Austin hate crimes rise at a lower rate than similar Texas cities

Lauren Girgis

In 2017, Austin had the most hate crimes in Texas. However, Austin is now behind cities of the same size in terms of hate crimes despite a small increase in such incidents in 2018, according to the FBI Hate Crime Statistics report. 

Austin reported 19 total hate crimes in 2018, according to the report. Austin Police Department Lt. Jeff Greenwalt said Austin reported 17 in 2017. Of the 2018 hate crimes, 13 were motivated by race/ethnicity, four by sexual orientation, one by disability and one by gender identity. 

“Crime, in general, fluctuates,” Greenwalt said. “It goes up and it goes down, and there’s dozens and dozens of contributing factors that can be associated with that.

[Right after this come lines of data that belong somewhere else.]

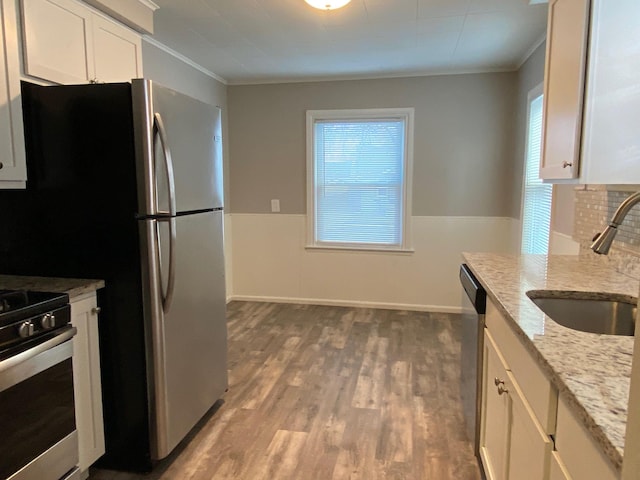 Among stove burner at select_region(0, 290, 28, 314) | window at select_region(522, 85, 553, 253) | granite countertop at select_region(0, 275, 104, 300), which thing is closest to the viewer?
stove burner at select_region(0, 290, 28, 314)

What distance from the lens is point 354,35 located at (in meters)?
3.20

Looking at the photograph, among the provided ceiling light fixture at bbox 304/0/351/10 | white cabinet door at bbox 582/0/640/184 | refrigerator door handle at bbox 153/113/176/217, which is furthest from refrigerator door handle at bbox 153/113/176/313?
white cabinet door at bbox 582/0/640/184

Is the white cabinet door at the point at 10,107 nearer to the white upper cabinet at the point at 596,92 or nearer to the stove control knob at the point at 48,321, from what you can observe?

So it’s not anything that we can take away (or) any specific trend.” 

UT reported no hate crimes on UT property for 2018, according to the 2019 Annual Security and Fire Safety report.


Renee Lafair, regional director of the Anti-Defamation League in Austin, said it is difficult to tell whether hate crimes are actually increasing or decreasing by the number reported.

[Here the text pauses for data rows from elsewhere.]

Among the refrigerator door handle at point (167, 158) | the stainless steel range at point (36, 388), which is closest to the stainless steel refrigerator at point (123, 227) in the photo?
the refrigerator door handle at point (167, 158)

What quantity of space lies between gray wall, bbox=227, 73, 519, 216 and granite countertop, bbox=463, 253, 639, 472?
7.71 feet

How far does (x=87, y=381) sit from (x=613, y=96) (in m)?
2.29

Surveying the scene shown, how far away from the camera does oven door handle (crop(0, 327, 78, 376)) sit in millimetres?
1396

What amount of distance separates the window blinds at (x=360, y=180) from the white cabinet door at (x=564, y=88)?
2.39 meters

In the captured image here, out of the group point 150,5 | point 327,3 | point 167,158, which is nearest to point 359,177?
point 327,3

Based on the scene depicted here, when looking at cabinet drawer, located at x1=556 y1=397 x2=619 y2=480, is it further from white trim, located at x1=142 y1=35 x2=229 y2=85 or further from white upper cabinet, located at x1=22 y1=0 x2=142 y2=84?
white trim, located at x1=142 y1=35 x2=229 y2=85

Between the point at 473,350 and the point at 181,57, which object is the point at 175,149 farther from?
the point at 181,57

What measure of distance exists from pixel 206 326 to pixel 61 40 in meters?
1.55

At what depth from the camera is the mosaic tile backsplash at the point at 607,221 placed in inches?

“On the one hand, there were likely more hate crimes, which is disturbing,” Lafair said. “But on the other hand, it was also an increase in agencies reporting hate crimes, which means there’s an increased awareness around identifying and reporting hate crimes and also indicates an increase in individuals reporting to the police, which is encouraging.”

In 2018, Dallas reported 31 total hate crimes, Fort Worth reported 24 and Houston reported 25. Greenwalt said he does not know about other cities’ reporting methods or why their numbers are different. 

Greenwalt said in order for APD to prove a hate crime occurred, it is necessary to prove beyond a reasonable doubt that the victim was selected because of bias or prejudice against a particular group. UTPD Sgt. Robert Land said a nationwide lack of reported hate crimes may be because it is hard to prove bias.

“In police investigations, one of the most difficult things to prove is why something happened,” Land said. “Even if we’re able to get all the facts together about something to figure out exactly how it happened, figuring out why that event happened is usually the most difficult piece.” 

Greenwalt said in 2019, Austin has been trending low with only nine reported hate crimes so far. He said the department has been undertaking efforts to encourage reporting, including participating in the Safe Place initiative, which allows participating local businesses to protect LGBTQ victims of hate crimes and harassment in public.

“When we actually report the crimes and investigate them and hold people accountable, and they see in the news that people are being arrested for these types of crimes … we believe it has a deterrence effect on other people,” Greenwalt said. “We want people in the community to know that we take these crimes very seriously, and they should and can report them to us.”